I’ll spare you the details of the three months that followed, but it involved interviews with people at Check Point, a CFIUS review (we were a US asset that was being purchased by a foreign-owned company), and a lot of unknowns. All, meanwhile, while we were continuing to serve our customers.

In April of 2009, the acquisition of Nokia’s Security Appliance business by Check Point closed. Some ended up staying with Nokia, some came over to Check Point, others were given severance packages. And a whole new adventure began as this was not only a change in employer for me, I changed jobs. Which, as it turns out, was a great thing.
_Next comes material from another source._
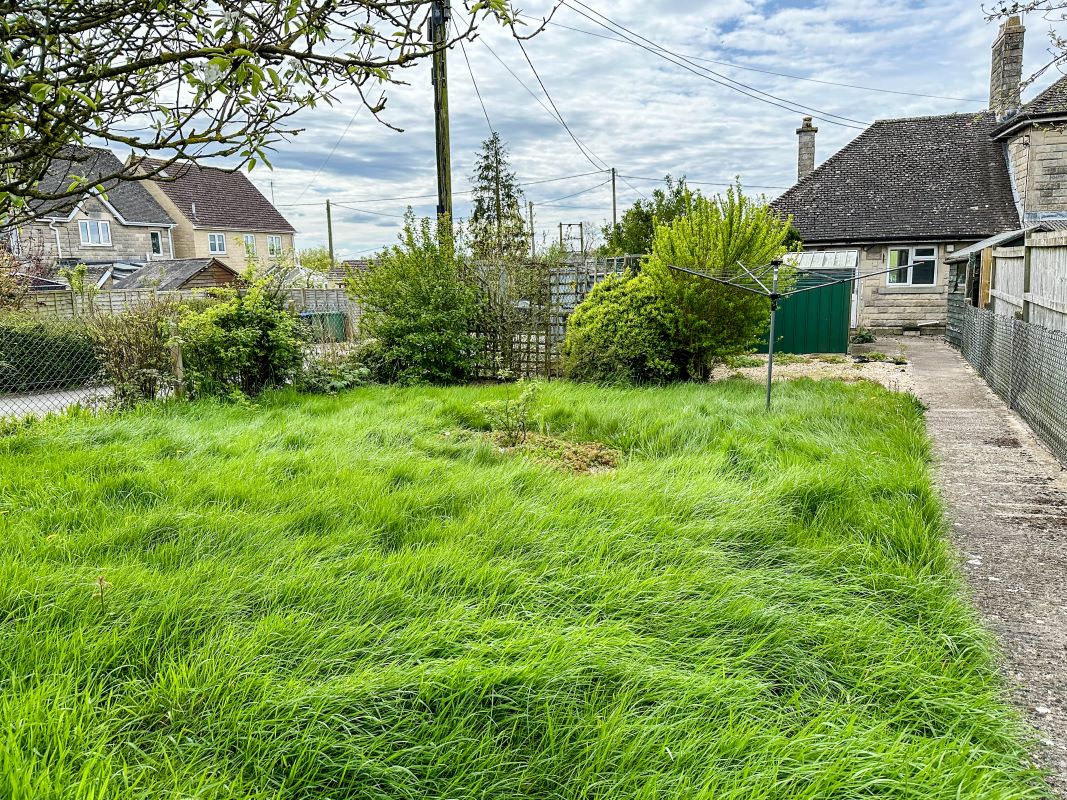 9, Tuners Lane, Malmesbury, Crudwell, SN16 9EN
At first, my job wasn’t all that different. I was a sort of backline support for the sales organization, interfacing between sales, R&D, and Product Management. It wasn’t too different from what I was doing at Nokia, actually, just with a different focus (pre-sales).

Eventually, my role evolved into a Security Architect, where I went on customer sites, reviewing their security architecture, providing recommendations for addressing the identified issues along with what Check Point products would best address their needs. This got be a bit closer to the actual sales process.

Back to the Future


Then, at the end of 2016, I was offered an interesting proposal that leads me where I’m at now at Check Point: as the front man for Check Point’s user community: CheckMates. The funny thing is, I’m doing a lot of what I was doing running the FireWall-1 FAQ back in the 1990s, except Check Point is now paying me to do it.
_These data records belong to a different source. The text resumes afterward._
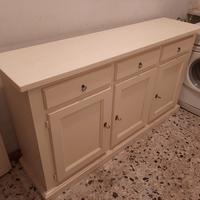 mobile bianco opaco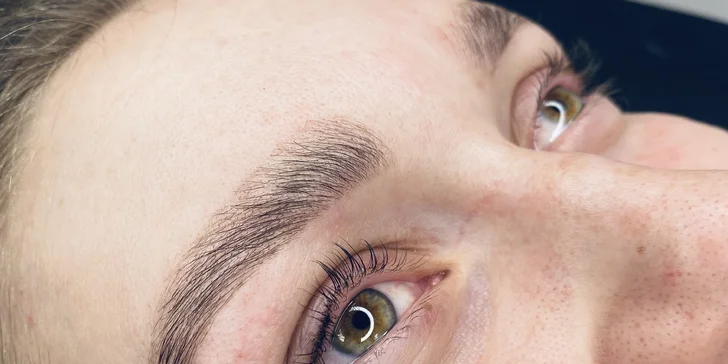 Prodlužování řas, lash-lifting, laminace obočí i balíček s úpravou a barvením obočí i řas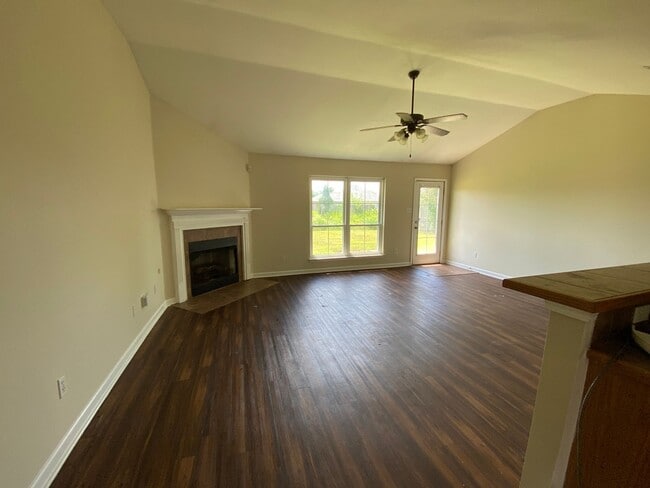 Building Photo - 5239 Hemingway Dr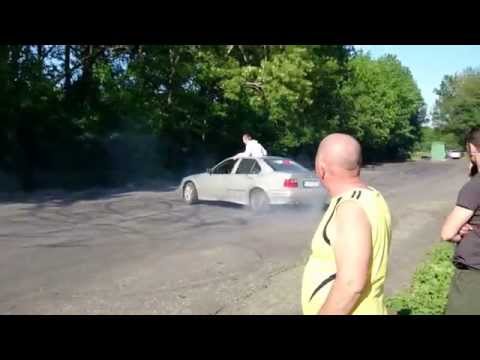 BMW E36 325i donuts & BMW E30 316i burnout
A lot has changed in the last 20 years. The old days were fun, but I’m having the time of my life right now! I’m not just doing some online thing from my basement, I’m getting out there, meeting customers, spreading the good word. Given the significant increase in the velocity and impact of cyber threats, the work that Check Point is doing to prevent them is more important than ever!

And while I’m not talented enough to develop solutions to cyber threats, I can certainly communicate, educate, build trust, and collaborate. I can occasionally develop solutions to some problems as the hundreds of posts on CheckMates and the hundreds of FAQs I published years ago will confirm.

It’s what I’ve always done in my career, and yet, I’m just getting started.